- **Work to complete**
Nothing but the lines from the one with "Zahnhartsubstanzverlusten in der" through the last line of the entries below should appear in the copy, please, and no pictures.

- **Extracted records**

----------

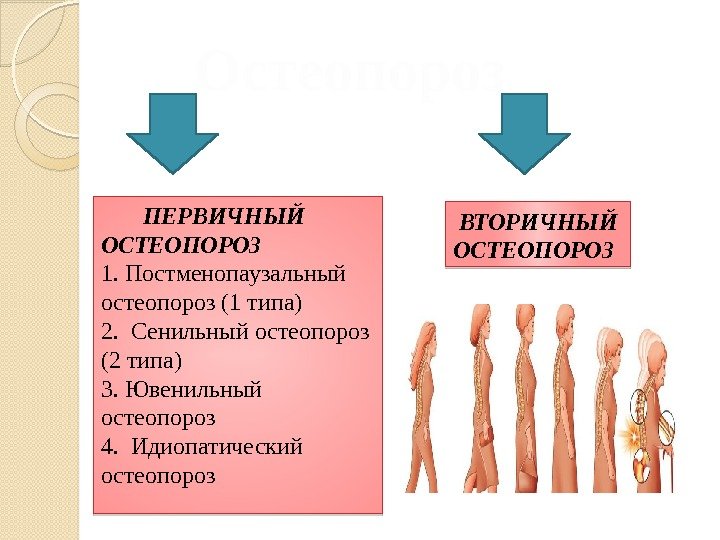 Остеопороз  ПЕРВИЧНЫЙ  ОСТЕОПОРОЗ 1. Постменопаузальный остеопороз (1 типа) 2.  Сенильный остеопороз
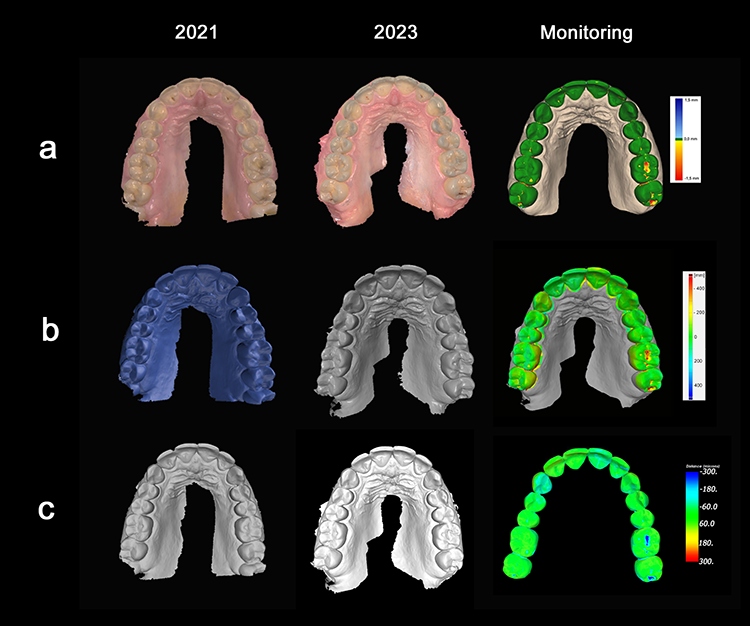 Abb. 4: Überlagerung von Intraoralscans des Oberkiefers eines 37-jährigen Patienten aus dem Jahr 2021 und 2023 zum Monitoring von initialen, nicht kariesbedingten
Zahnhartsubstanzverlusten in der systemimmanenten Intraoralscanner-Software des Trios 5 (3Shape, a), der externen 3D-Analysesoftware Gom Inspect (b) und der
externen Analysesoftware für Zahnverschleiß der University of Leeds (c).
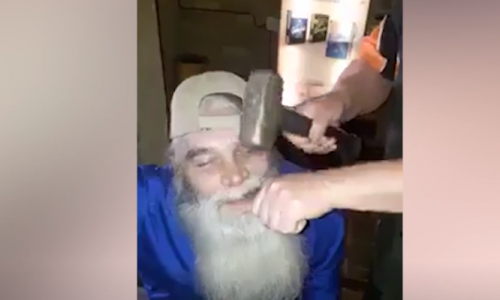 Çekiç ve Penseyle Diş Çekmek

----------

- **Response to this exercise**
Zahnhartsubstanzverlusten in der systemimmanenten Intraoralscanner-Software des Trios 5 (3Shape, a), der externen 3D-Analysesoftware Gom Inspect (b) und der
externen Analysesoftware für Zahnverschleiß der University of Leeds (c).
 Çekiç ve Penseyle Diş Çekmek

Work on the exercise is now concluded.